Seniman Sunda yang hobi memelihara domba adu ini punya prinsip, humor bukan untuk melecehkan manusia yang satu dengan yang lainnya. Humor adalah proses kreatif yang tidak sembarangan dimiliki setiap orang. Humor pada hakikatnya "ngageuing" alias memberi kesadaran bahwa kita makhluk yang lemah dan menyadari kelemahan tersebut untuk bertindak hakikatnya manusia. Makanya, Kang Ibing paling anti ketika para pelawak saling menjatuhkan objek lawan bicara dengan urusan fisik. Menurutnya, walaupun tampang dalam setiap peran yang ia mainkan seperti orang lugu, namun bukanlah sosok manusia bodoh. Keluguan adalah pemicu untuk memunculkan nuansa humor cerdas, dari yang tidak terpikirkan oleh penonton/pendengar bisa menjadi luar biasa akibat polah tingkah lakunya yang lugu.


Raden Aang Kusmayatna Kusumadinata (lahir di Sumedang, 20 Juni 1946 – meninggal di Bandung, 19 Agustus 2010) adalah nama asli Kang Ibing. Sosok seniman Sunda terah Kerajaan Sumedang Larang yang menjadi legenda dalam bodor Sunda ini adalah anggota grup lawak De'Kabayan yang terdiri antara lain Aom Kusman dan Suryana Fatah. Pelawak ini juga aktif dalam kesenian Sunda dan telah menciptakan beberapa kawih Sunda. Juga sebelum meninggal dunia, ia menciptakan karya drama Sunda berjudul "Juragan Hajat". Pentas drama karyanya ini sukses dipentaskan di sebuah hotel besar di Bandung.
 
Setamat SMA, ia meneruskan kuliah di Fakultas Sastra Universitas Padjadjaran dengan mengambil jurusan Sastra Rusia. Untuk itulah, sumber-sumber humornya banyak yang ia perdalami dari Rusia dan juga negara-negara Eropa lainnya. Ia pun aktif di kegiatan-kegiatan Sunda sampai menjadi bobotoh Persib dan menyanyikan lagu khusus untuk tim sepakbola kesayangan urang Bandung ini.  Semasa hidup, sosok pencinta buku itu aktif di organisasi Daya Mahasiswa Sunda (Damas).
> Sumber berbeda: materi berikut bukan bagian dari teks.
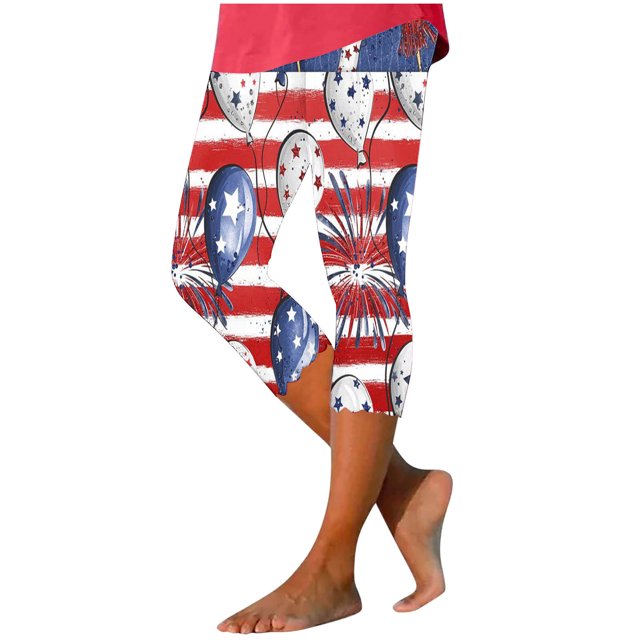 4th of July Capris for Women Summer Beach Slim Fit Stretch American ...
Ia pernah juga menjadi penasihat Departemen Kesenian Unpad dan pernah juga menjadi Asisten Dosen di Fakultas Sastra Unpad (Sekarang Fakultas Ilmu Budaya).
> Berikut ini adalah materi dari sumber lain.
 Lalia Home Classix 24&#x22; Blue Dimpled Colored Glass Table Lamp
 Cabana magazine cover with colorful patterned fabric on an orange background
Karier Kang Ibing diawali pada 1975. Saat itu, sutradara Tutty Suprapto menjadikanya aktor utama pada film “Si Kabayan”. Lalu, karier filmnya pun merambah, antara lain dalam fiilm “Ateng The Godfather” (1976), “Bang Kojak” (1977), “Si Kabayan dan Gadis Kota” (1989), “Boss Carmad” (1990), “Komar Si Glen Kemon Mudik” (1990), “Warisan Terlarang” (1990) dan “Di Sana Senang Di Sini Senang” (1990), dll. Ia pun dikenal sebagai penyiar di Radio Mara FM Bandung. Siarannya setiap malam Jumat kerap ditunggu oleh para penggemarnya. Bahkan, tak sedikit siarannya direkam untuk dijadikan koleksi. Tak heran jika sekarang pun kita masih bisa mendengarkan cerita-cerita bobodoran Kang Ibing di internet. Hal ini karena rekaman siarannya banyak yang mengunggah ke dunia maya.
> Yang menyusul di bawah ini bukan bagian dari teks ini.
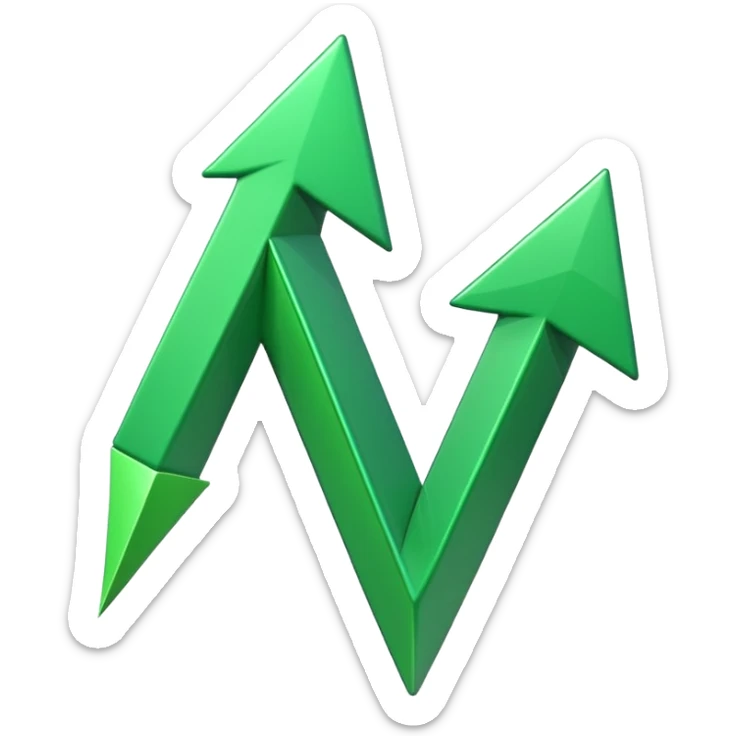 iOS-style 3D emoji: a glossy green arrow curving upward, attached to a jagged rising line chart, with smooth gradients and soft shadow sticker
Pada Ramadhan 2010, Kang Ibing meninggal dunia di Rumah Sakit Al Islam Bandung, Kamis, 19 Agustus 2010 pukul 21.00. Kang Ibing meninggal sekitar pukul 20.45 WIB setelah terjatuh di rumahnya yang terletak di daerah Pandan Wangi, tepatnya di Margawangi Estate Jalan Kencana Wangi No 70 RT 1 RW 13 Kelurahan Cijawura, Kecamatan Buah Batu. Beliau dimakamkan di pemakaman Gunung Puyuh, Kabupaten Sumedang, Jawa Barat.


Beberapa minggu sebelum meninggal, ia sempat mengisi acara di Pameran Buku Bandung 2010 di Gedung Landmark Jalan Braga. Kondisinya sudah terlihat pucat, namun semangatnya saat menyampaikan orasi humor Sunda tidak mencirikan ia tengah dirundung sakit. Saat itu, ia menjadi wakil dari redaksi majalah Humor Sunda Cakakak untuk menyampaikan esensi humor dalam kehidupan manusia. Salah satu yang ia sampaikan  bahwa "humor" Tuhan paling tinggi adalah kematian yang pasti datang dalam diri manusia.